**Instructions to follow:** If pictures appear, leave them out, and return exactly the lines from the one holding "fonds de commerce" through the last line of the listing below.

**Exercise material:**
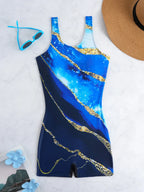 Sophisticated Swimsuit with a Clean Classic Look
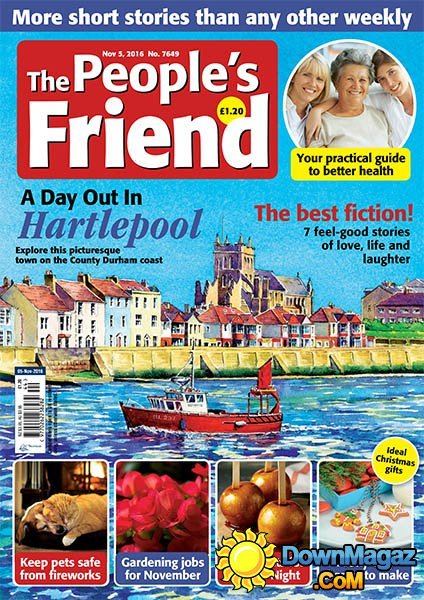 The People's Friend - November 5, 2016 The People's Friend - November 5, 2016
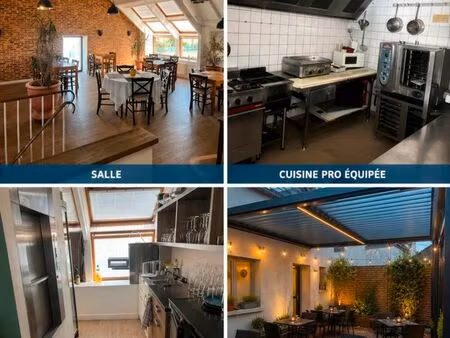 fonds de commerce restaurant équipé clé en main – vannes – 50 000 – loyer 1 250 ht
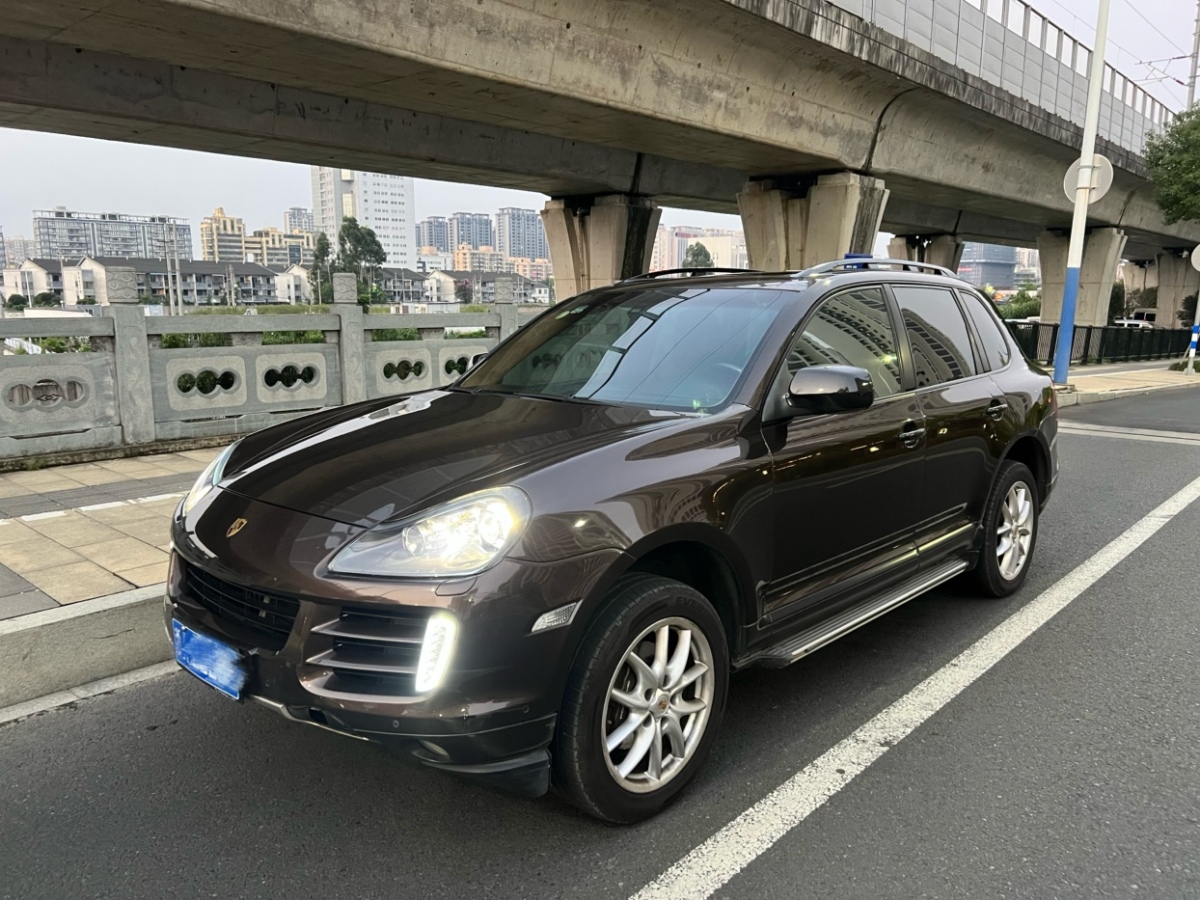 保時(shí)捷 Cayenne  2007款 Cayenne 3.6L圖片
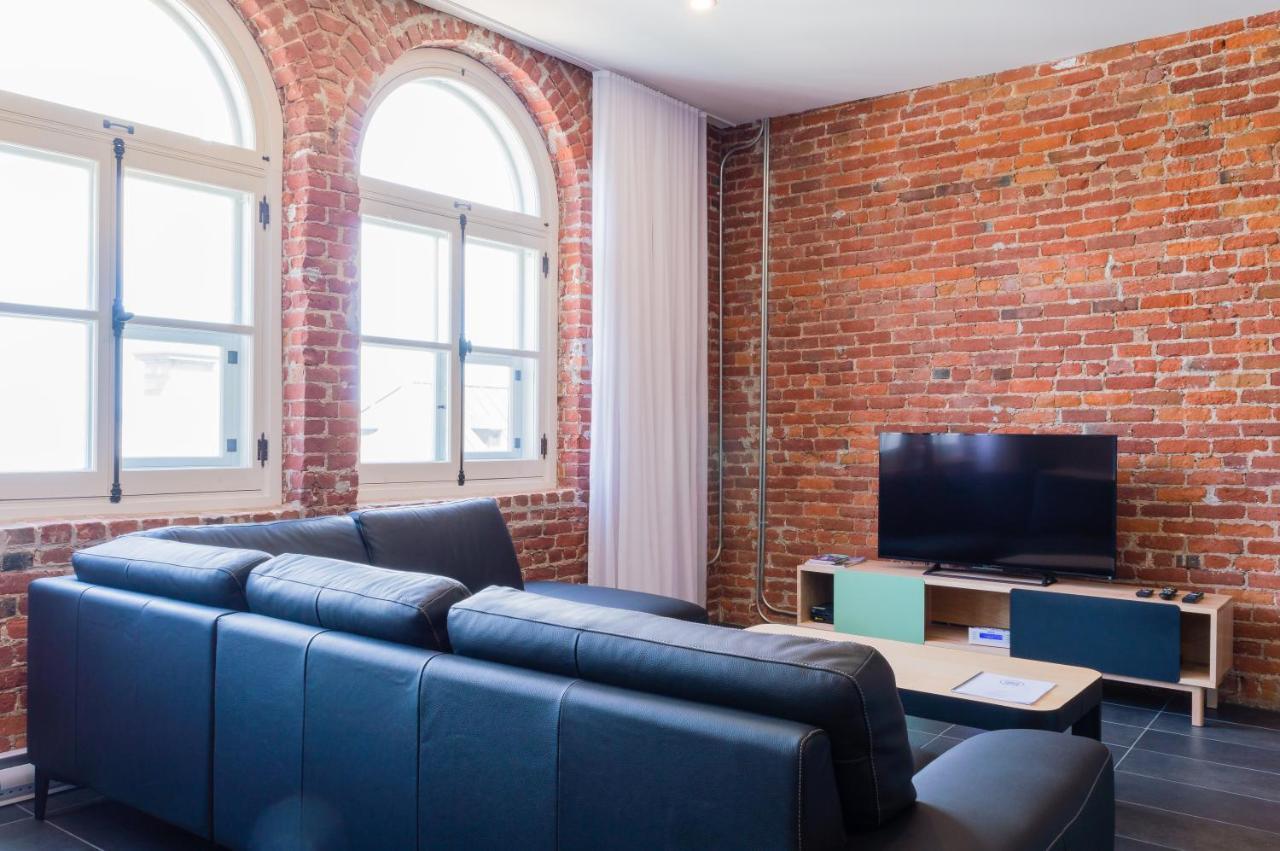Les Lofts Du Tresor - Par Les Lofts Vieux-Quebec 아파트 외부 사진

**Output of the task:**
 fonds de commerce restaurant équipé clé en main – vannes – 50 000 – loyer 1 250 ht
 保時(shí)捷 Cayenne  2007款 Cayenne 3.6L圖片
Les Lofts Du Tresor - Par Les Lofts Vieux-Quebec 아파트 외부 사진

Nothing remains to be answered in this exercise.